If You Heated 100 Grams Of Powdered Mercuric Oxide To Produce 93 Grams Of Liquid Mercury How Much Oxygen Would Be Released
2HgO ==> 2Hg + O2
mols HgO = grams/molar mass = ?
Using the coefficients in the balanced equation, convert mols HgO to mols O2.
Now convert mols O2 to whatever unit you want. The post doesn't say.
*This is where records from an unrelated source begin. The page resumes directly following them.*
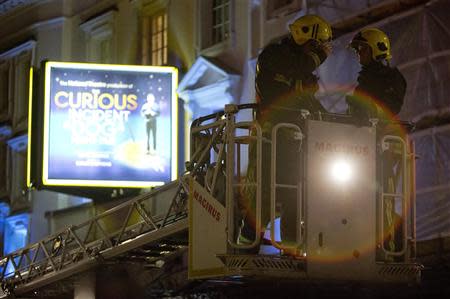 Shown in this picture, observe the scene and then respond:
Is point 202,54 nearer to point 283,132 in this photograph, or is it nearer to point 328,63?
point 328,63

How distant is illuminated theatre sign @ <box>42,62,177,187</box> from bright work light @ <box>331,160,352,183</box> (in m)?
13.4

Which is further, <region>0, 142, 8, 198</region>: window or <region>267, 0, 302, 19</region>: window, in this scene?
<region>0, 142, 8, 198</region>: window

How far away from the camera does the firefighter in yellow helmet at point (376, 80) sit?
11.1m

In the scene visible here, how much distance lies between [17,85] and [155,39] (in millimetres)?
5615

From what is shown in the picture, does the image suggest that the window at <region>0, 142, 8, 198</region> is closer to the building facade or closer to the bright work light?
the building facade

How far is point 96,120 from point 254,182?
14.2 m

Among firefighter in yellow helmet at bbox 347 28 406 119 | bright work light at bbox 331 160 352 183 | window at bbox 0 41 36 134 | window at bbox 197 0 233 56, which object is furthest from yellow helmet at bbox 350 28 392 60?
window at bbox 0 41 36 134

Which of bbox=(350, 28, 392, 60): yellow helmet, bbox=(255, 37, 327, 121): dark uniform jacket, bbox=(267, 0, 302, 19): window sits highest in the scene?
bbox=(267, 0, 302, 19): window

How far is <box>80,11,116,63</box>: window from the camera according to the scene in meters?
24.9

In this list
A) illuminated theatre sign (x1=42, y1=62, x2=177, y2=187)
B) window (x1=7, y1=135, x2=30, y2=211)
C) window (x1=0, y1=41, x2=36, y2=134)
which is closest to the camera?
illuminated theatre sign (x1=42, y1=62, x2=177, y2=187)

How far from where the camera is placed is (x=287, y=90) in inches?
404

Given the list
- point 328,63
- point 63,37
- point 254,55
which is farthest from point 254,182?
point 63,37

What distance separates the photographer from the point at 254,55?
19109mm

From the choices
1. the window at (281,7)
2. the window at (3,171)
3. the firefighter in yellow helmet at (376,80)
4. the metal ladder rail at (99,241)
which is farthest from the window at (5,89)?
the firefighter in yellow helmet at (376,80) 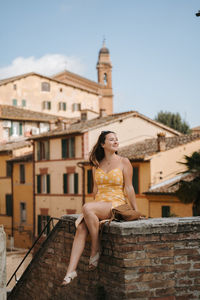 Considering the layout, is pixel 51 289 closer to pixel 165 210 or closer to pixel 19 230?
pixel 165 210

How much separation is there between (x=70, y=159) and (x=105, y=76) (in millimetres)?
42747

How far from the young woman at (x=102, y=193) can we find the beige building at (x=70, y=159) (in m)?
25.2

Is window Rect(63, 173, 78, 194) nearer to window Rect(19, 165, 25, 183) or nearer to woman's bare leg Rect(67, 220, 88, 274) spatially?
window Rect(19, 165, 25, 183)

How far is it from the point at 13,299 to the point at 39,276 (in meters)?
1.70

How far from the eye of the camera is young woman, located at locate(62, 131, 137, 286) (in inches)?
232

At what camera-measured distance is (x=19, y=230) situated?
3756 cm

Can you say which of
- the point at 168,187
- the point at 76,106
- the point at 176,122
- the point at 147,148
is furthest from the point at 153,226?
the point at 176,122

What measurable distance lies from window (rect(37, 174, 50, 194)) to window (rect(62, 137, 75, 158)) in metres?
2.66

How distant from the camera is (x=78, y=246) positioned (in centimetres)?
588

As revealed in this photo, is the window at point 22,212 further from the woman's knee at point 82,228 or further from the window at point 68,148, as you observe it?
the woman's knee at point 82,228

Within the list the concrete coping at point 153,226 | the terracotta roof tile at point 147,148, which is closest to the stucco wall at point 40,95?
the terracotta roof tile at point 147,148

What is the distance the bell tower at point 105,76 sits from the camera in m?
70.5

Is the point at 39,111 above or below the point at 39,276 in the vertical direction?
above

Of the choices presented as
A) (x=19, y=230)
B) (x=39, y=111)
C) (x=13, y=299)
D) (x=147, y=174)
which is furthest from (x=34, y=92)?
(x=13, y=299) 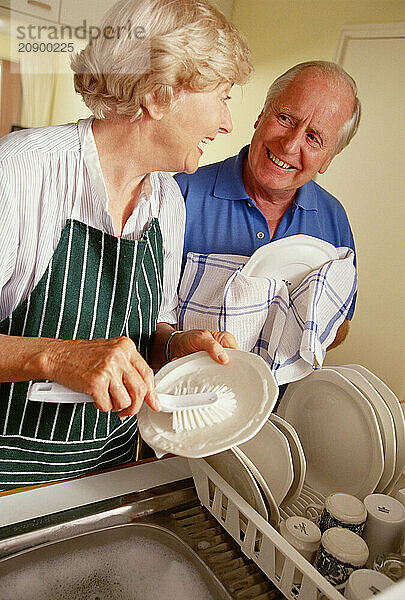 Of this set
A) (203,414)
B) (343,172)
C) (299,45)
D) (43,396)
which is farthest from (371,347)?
(43,396)

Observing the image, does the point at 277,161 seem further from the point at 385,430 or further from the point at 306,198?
the point at 385,430

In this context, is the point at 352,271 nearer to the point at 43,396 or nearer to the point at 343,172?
the point at 43,396

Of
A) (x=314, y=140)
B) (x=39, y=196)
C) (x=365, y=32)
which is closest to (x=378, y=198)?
(x=365, y=32)

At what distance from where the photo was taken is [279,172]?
1.12m

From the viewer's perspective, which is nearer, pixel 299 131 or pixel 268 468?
pixel 268 468

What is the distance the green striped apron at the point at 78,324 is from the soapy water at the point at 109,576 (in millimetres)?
230

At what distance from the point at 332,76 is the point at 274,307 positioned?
0.50m

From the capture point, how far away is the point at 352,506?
686 millimetres

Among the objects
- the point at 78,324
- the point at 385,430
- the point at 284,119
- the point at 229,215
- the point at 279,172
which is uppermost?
the point at 284,119

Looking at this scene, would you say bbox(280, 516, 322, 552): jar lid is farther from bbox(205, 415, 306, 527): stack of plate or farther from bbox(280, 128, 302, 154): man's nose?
bbox(280, 128, 302, 154): man's nose

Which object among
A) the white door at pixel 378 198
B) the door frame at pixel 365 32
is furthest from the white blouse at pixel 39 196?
the door frame at pixel 365 32

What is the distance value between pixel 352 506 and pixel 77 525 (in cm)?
35

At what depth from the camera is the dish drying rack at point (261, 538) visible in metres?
0.58

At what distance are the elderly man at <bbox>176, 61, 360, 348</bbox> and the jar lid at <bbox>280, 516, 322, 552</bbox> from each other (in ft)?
1.81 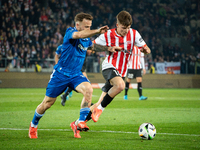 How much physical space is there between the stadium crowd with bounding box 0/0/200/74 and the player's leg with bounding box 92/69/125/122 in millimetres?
13979

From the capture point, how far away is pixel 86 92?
4.85 m

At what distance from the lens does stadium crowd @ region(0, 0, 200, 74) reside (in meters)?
21.0

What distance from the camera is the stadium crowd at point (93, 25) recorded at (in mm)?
21031

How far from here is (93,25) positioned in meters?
25.8

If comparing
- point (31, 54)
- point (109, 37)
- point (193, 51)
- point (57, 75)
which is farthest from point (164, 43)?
point (57, 75)

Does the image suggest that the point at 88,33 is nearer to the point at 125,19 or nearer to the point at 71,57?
the point at 71,57

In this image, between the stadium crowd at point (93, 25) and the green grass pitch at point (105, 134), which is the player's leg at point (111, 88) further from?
the stadium crowd at point (93, 25)

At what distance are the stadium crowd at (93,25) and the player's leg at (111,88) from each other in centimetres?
1398

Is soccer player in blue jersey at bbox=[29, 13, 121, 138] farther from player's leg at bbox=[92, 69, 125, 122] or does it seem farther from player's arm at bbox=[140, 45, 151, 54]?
player's arm at bbox=[140, 45, 151, 54]

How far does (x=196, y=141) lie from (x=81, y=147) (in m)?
1.71

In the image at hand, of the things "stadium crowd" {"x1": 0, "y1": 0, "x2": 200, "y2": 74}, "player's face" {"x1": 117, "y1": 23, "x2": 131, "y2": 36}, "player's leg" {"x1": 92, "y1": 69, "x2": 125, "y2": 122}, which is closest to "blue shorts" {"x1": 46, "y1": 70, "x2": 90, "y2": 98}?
"player's leg" {"x1": 92, "y1": 69, "x2": 125, "y2": 122}

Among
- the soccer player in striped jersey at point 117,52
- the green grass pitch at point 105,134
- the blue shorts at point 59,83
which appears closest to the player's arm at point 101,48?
the soccer player in striped jersey at point 117,52

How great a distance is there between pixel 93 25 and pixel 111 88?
65.5 ft

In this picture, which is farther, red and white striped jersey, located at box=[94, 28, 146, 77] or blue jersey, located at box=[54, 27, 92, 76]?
red and white striped jersey, located at box=[94, 28, 146, 77] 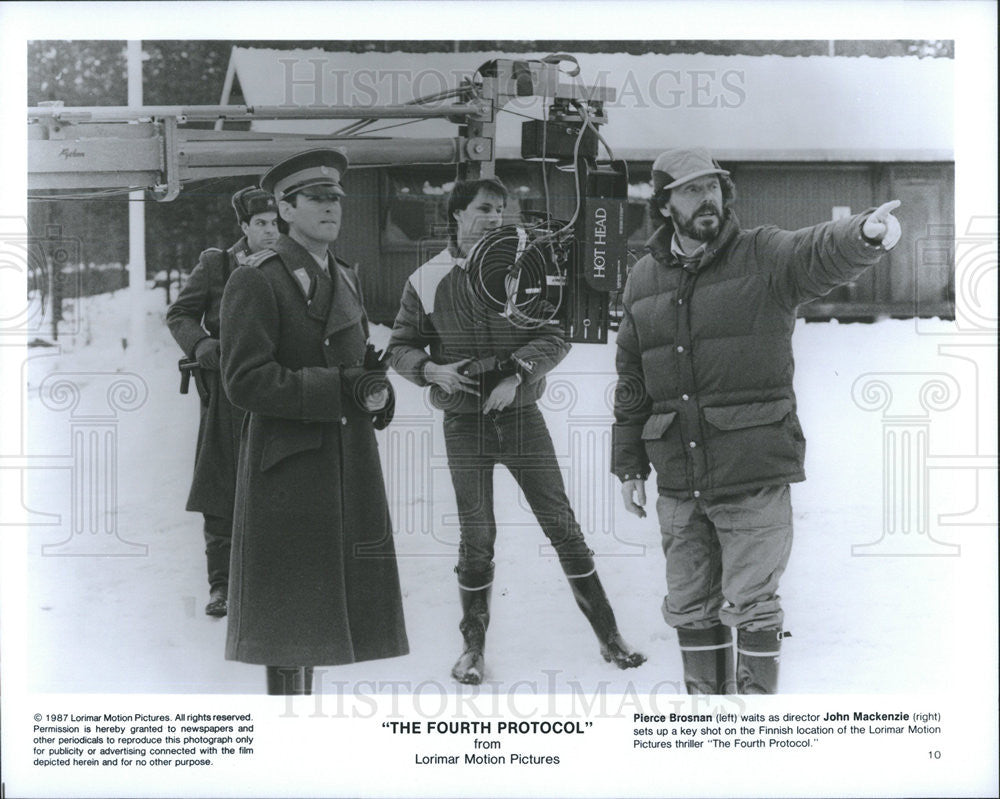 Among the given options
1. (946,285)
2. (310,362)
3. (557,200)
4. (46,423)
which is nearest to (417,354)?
(310,362)

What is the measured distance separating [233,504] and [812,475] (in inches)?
73.2

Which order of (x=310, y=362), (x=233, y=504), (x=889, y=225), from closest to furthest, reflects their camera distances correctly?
1. (x=889, y=225)
2. (x=310, y=362)
3. (x=233, y=504)

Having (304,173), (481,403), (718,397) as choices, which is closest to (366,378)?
(481,403)

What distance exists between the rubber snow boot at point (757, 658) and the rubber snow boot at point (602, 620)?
Result: 38 centimetres

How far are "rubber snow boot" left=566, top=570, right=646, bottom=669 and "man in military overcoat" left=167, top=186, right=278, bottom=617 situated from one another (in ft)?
3.80

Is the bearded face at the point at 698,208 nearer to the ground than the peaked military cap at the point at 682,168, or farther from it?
nearer to the ground

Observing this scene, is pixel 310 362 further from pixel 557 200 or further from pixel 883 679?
pixel 883 679

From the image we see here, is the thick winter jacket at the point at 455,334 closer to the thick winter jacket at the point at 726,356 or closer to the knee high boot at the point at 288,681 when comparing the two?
the thick winter jacket at the point at 726,356

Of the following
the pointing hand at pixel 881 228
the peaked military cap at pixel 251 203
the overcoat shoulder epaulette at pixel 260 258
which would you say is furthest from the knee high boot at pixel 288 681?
the pointing hand at pixel 881 228

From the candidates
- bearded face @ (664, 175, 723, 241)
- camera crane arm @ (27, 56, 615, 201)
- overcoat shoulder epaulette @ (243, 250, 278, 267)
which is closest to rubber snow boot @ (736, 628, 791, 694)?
bearded face @ (664, 175, 723, 241)

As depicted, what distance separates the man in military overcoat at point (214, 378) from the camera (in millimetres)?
4328

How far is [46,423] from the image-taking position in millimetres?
4422

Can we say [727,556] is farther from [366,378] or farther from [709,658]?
[366,378]

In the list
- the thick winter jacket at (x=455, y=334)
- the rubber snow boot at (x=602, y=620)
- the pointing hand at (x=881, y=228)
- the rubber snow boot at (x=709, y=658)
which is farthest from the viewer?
the rubber snow boot at (x=602, y=620)
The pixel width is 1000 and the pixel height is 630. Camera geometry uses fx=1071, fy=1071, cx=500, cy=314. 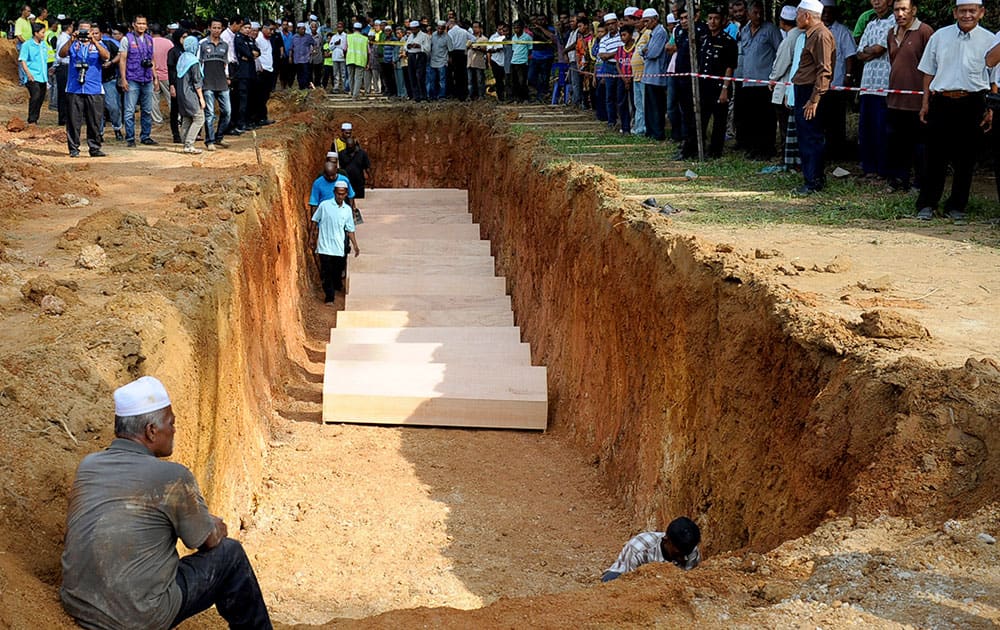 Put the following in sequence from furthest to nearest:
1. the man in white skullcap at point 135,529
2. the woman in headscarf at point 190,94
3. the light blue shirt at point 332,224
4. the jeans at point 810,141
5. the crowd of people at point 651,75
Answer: the woman in headscarf at point 190,94 → the light blue shirt at point 332,224 → the jeans at point 810,141 → the crowd of people at point 651,75 → the man in white skullcap at point 135,529

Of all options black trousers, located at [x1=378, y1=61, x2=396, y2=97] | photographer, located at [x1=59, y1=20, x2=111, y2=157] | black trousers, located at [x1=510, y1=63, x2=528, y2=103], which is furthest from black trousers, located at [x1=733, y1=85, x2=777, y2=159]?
black trousers, located at [x1=378, y1=61, x2=396, y2=97]

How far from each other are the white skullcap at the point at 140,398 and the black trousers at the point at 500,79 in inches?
817

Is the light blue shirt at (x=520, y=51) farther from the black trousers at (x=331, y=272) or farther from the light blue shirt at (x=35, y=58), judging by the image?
the light blue shirt at (x=35, y=58)

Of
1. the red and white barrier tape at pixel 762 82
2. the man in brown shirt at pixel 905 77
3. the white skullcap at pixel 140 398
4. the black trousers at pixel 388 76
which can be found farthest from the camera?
the black trousers at pixel 388 76

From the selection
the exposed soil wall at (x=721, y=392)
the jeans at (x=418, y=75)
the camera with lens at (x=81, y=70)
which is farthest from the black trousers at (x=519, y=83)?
the camera with lens at (x=81, y=70)

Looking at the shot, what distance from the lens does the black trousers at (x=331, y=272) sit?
1716 cm

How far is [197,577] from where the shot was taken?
5.07 m

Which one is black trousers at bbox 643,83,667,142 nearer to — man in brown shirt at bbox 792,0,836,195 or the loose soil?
the loose soil

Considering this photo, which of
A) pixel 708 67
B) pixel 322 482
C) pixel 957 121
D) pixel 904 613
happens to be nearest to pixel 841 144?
pixel 708 67

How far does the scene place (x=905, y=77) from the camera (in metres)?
11.5

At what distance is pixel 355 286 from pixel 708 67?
617cm

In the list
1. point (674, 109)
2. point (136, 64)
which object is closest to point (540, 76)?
point (674, 109)

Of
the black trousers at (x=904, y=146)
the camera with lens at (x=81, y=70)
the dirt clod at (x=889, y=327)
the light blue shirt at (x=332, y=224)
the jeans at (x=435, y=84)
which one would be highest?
the camera with lens at (x=81, y=70)

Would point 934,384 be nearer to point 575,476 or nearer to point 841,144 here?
point 575,476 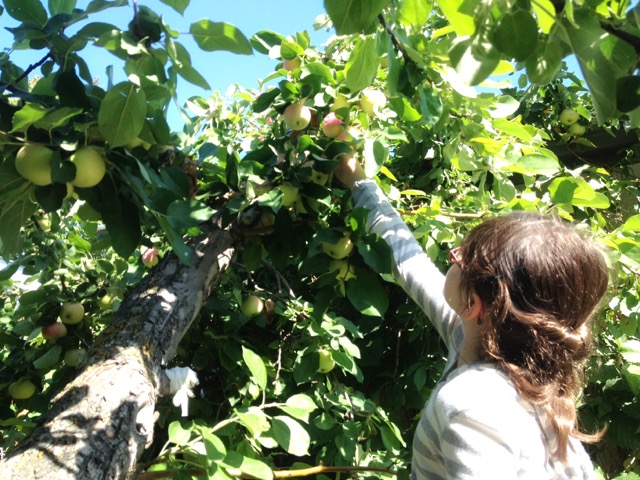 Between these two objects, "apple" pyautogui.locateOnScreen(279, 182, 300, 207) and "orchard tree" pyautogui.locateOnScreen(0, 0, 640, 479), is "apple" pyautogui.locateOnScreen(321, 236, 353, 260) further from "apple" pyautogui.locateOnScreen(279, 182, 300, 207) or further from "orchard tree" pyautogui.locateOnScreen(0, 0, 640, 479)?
"apple" pyautogui.locateOnScreen(279, 182, 300, 207)

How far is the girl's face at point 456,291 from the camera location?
1.09 meters

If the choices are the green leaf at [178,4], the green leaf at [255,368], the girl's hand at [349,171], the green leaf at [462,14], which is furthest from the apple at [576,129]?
the green leaf at [462,14]

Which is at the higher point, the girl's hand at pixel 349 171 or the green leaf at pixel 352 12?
the green leaf at pixel 352 12

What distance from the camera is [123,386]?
104 centimetres

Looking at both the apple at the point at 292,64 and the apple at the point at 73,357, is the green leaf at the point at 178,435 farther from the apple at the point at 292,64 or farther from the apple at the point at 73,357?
the apple at the point at 292,64

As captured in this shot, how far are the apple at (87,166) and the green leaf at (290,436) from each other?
616 mm

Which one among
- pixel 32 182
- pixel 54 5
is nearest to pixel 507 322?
pixel 32 182

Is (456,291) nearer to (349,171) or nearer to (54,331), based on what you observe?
(349,171)

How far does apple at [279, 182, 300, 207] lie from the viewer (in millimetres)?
1349

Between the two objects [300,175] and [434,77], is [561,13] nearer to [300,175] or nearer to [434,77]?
[434,77]

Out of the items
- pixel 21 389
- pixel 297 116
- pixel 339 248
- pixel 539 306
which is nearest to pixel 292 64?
pixel 297 116

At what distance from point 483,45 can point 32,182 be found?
724mm

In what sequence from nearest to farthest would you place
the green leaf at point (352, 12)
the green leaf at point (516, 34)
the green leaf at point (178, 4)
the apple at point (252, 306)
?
the green leaf at point (516, 34) < the green leaf at point (352, 12) < the green leaf at point (178, 4) < the apple at point (252, 306)

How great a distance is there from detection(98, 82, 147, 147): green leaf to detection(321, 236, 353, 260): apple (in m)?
0.54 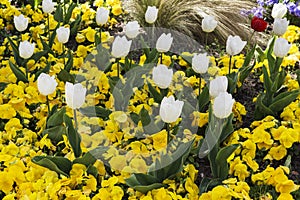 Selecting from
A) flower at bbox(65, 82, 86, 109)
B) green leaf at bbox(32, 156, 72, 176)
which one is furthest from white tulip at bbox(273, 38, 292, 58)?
green leaf at bbox(32, 156, 72, 176)

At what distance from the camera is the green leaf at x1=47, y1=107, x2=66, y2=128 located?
282 cm

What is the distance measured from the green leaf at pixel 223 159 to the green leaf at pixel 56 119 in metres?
0.81

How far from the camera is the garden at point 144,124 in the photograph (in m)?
2.53

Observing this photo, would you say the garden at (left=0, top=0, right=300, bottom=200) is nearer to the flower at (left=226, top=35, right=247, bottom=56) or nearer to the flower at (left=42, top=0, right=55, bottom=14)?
the flower at (left=226, top=35, right=247, bottom=56)

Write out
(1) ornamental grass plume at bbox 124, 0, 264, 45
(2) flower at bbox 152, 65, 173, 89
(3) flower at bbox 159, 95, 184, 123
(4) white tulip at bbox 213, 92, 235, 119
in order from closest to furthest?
1. (3) flower at bbox 159, 95, 184, 123
2. (4) white tulip at bbox 213, 92, 235, 119
3. (2) flower at bbox 152, 65, 173, 89
4. (1) ornamental grass plume at bbox 124, 0, 264, 45

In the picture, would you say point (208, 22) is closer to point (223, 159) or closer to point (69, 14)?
point (223, 159)

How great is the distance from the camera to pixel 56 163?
2.58 metres

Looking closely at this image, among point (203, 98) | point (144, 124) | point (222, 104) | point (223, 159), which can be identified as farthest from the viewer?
point (203, 98)

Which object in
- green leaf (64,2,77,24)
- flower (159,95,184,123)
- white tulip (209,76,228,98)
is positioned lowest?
green leaf (64,2,77,24)

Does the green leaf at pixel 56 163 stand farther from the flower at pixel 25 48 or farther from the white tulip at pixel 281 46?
the white tulip at pixel 281 46

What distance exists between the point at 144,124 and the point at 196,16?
1847mm

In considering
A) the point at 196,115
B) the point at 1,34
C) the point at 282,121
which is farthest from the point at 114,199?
the point at 1,34

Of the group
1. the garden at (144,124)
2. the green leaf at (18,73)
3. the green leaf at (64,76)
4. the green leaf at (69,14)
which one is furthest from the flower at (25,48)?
the green leaf at (69,14)

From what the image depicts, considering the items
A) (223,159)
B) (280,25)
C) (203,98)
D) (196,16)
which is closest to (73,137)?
(223,159)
If grams, then grams O2 = mols O2 x molar mass O2.
If volume at STP, then L = mols x 22.4 L/mol = ?
I really don't know im not smart
heated 100 grams of powdered mercuric oxide to produce 93 grams of liquid mercury, how much oxygen would be released?
To determine the amount of oxygen that would be released when heating powdered mercuric oxide to produce liquid mercury, we first need to calculate the difference in mass between the two substances.
The chemical equation for the reaction is as follows:
2 HgO(s) -> 2 Hg(l) + O2(g)
From the equation, we can see that for every 2 moles of mercuric oxide (HgO), 1 mole of oxygen gas (O2) is produced. We need to find the moles of mercuric oxide used, and then use the stoichiometry of the reaction to determine the moles of oxygen gas:
1. Calculate the moles of mercuric oxide (HgO):
Moles of HgO = Mass of HgO / Molar mass of HgO
The molar mass of HgO can be calculated by summing the atomic masses of its constituents, which are mercury (Hg) and oxygen (O). According to the periodic table:
Atomic mass of Hg = 200.59 g/mol
Atomic mass of O = 16.00 g/mol
Molar mass of HgO = Atomic mass of Hg + Atomic mass of O = 200.59 + 16.00 = 216.59 g/mol
Therefore, the moles of HgO = 100 g / 216.59 g/mol.
2. Use the stoichiometry of the reaction to determine the moles of oxygen gas produced:
Moles of O2 = Moles of HgO (according to the balanced equation)
Finally, to find the mass of oxygen gas released, we can use the equation:
Mass of O2 = Moles of O2 x Molar mass of O2
The molar mass of O2 is approximately 32.00 g/mol.
By plugging in the values obtained from the calculations above into the equation, we can determine the mass of oxygen gas released during the reaction.